IE7 XMLHTTPREQUEST reponseXML

J

John Byrne

Hi,

I have an Ajax call on my ASP page that calls another ASP which returns a
file which is data in XML format and the file is of content-type of text/xml.

This call works OK when used from IE6 (it uses the ActiveX object) but
something strange is happening under IE7.

Under IE7, the call works OK and I can do an alert(req.responseText) on the
client side and it displays the data returned in XML format.
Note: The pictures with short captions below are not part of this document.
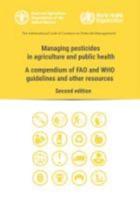 Managing Pesticides in Agriculture and Public Health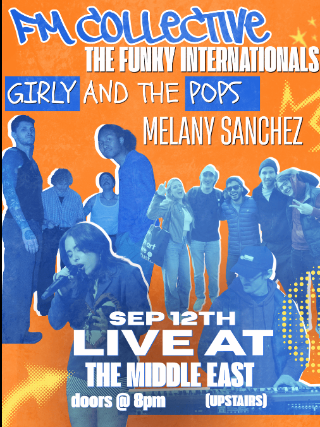 FM Collective, The Funky Internationals, Girly and the Pops, Melany Sanchez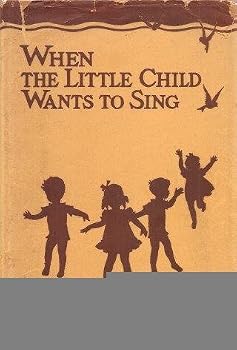 WHEN THE LITTLE CHILD WANTS TO SING : For Home School and Church School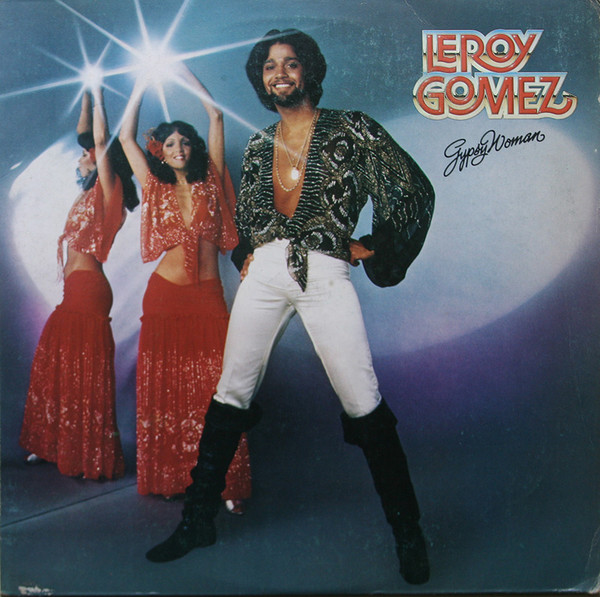 Leroy Gomez - Gypsy Woman | Casablanca (26073-l) - main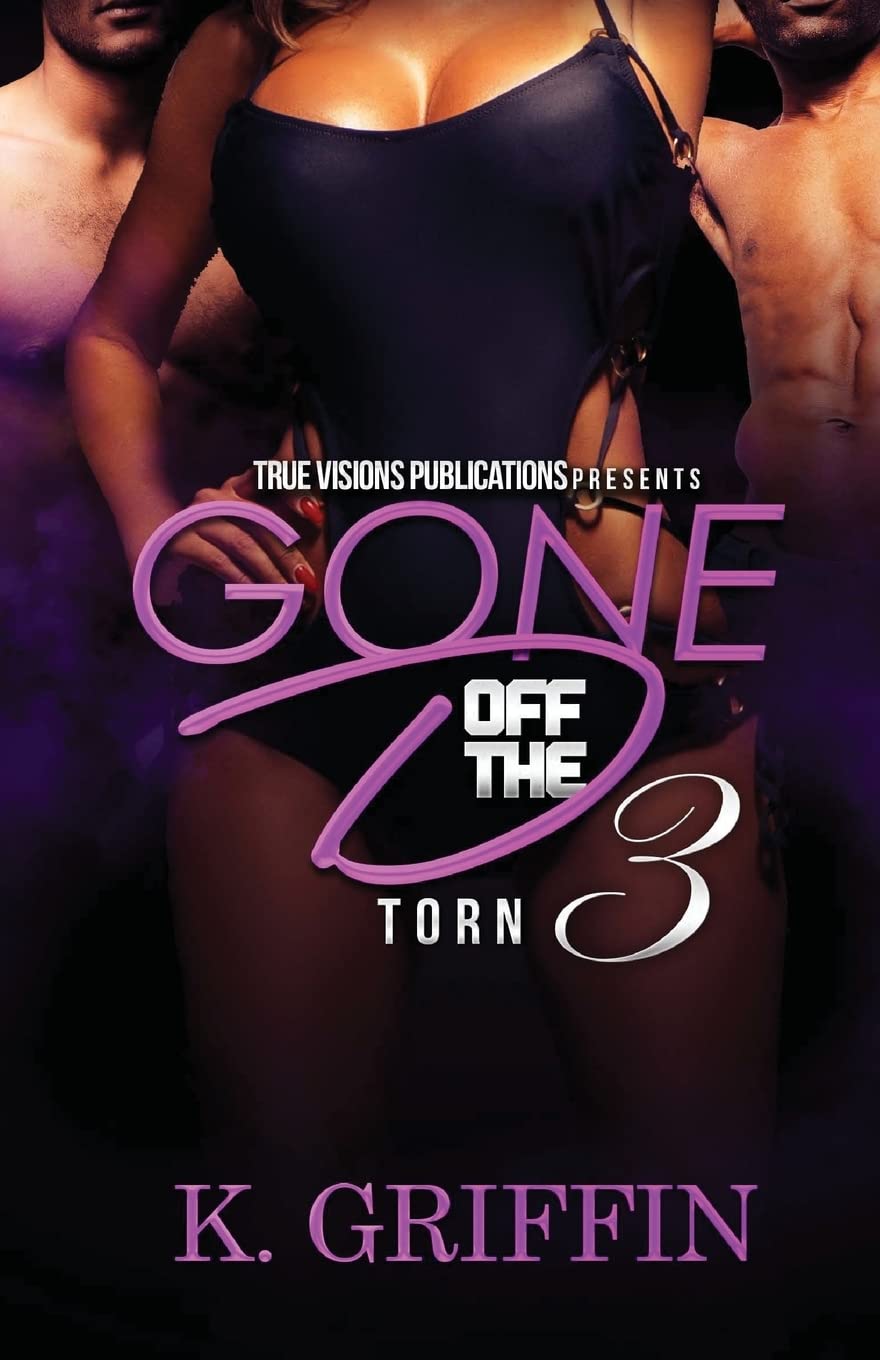 Gone Off the D 3: Torn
But when I try to access the data using responseXML it keeps returning an
empty document. Even doing alert(req.responseXML.childNodes.length) displays
0, but I know that there is data.

Any ideas as to what is wrong?

I tried running under Firefox and it complains that the <?xml... is not on
the first line - and this is caused by the @Page directive inserting a blank
line - also any ideas on how to stop the page directive from creating blank
lines???

Thanks
 
E

Evertjan.

=?Utf-8?B?Sm9obiBCeXJuZQ==?= wrote on 23 nov 2006 in
microsoft.public.inetserver.asp.general:
Hi,

I have an Ajax call on my ASP page that calls another ASP which
returns a file which is data in XML format and the file is of
content-type of text/xml.

This call works OK when used from IE6 (it uses the ActiveX object) but
something strange is happening under IE7.

Under IE7, the call works OK and I can do an alert(req.responseText)
on the client side and it displays the data returned in XML format.
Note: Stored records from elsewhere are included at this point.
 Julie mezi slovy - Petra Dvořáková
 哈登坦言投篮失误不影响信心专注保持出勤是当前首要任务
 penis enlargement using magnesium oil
But when I try to access the data using responseXML it keeps returning
an empty document. Even doing alert(req.responseXML.childNodes.length)
displays 0, but I know that there is data.

Any ideas as to what is wrong?

I tried running under Firefox and it complains that the <?xml... is
not on the first line - and this is caused by the @Page directive
inserting a blank line - also any ideas on how to stop the page
directive from creating blank lines???

Wouldn't that be a clientside problem?

ASP does not know about browsers.
 
A

Anthony Jones

John Byrne said:
Hi,

I have an Ajax call on my ASP page that calls another ASP which returns a
file which is data in XML format and the file is of content-type of text/xml.

This call works OK when used from IE6 (it uses the ActiveX object) but
something strange is happening under IE7.

Under IE7, the call works OK and I can do an alert(req.responseText) on the
client side and it displays the data returned in XML format.

But when I try to access the data using responseXML it keeps returning an
empty document. Even doing alert(req.responseXML.childNodes.length) displays
0, but I know that there is data.

Any ideas as to what is wrong?

I tried running under Firefox and it complains that the <?xml... is not on
the first line - and this is caused by the @Page directive inserting a blank
line - also any ideas on how to stop the page directive from creating blank
lines???

Whitespace before the <?xml declare is invalid according to the XML spec.
However earlier implementations of MSXML were more forgiving and simply
ignored it. Later implementations (MSXML3 and above) were more strict
however they continued to keep faith with the earlier implementations when
invoked from CLSIDs and ProgIDs of the older versions.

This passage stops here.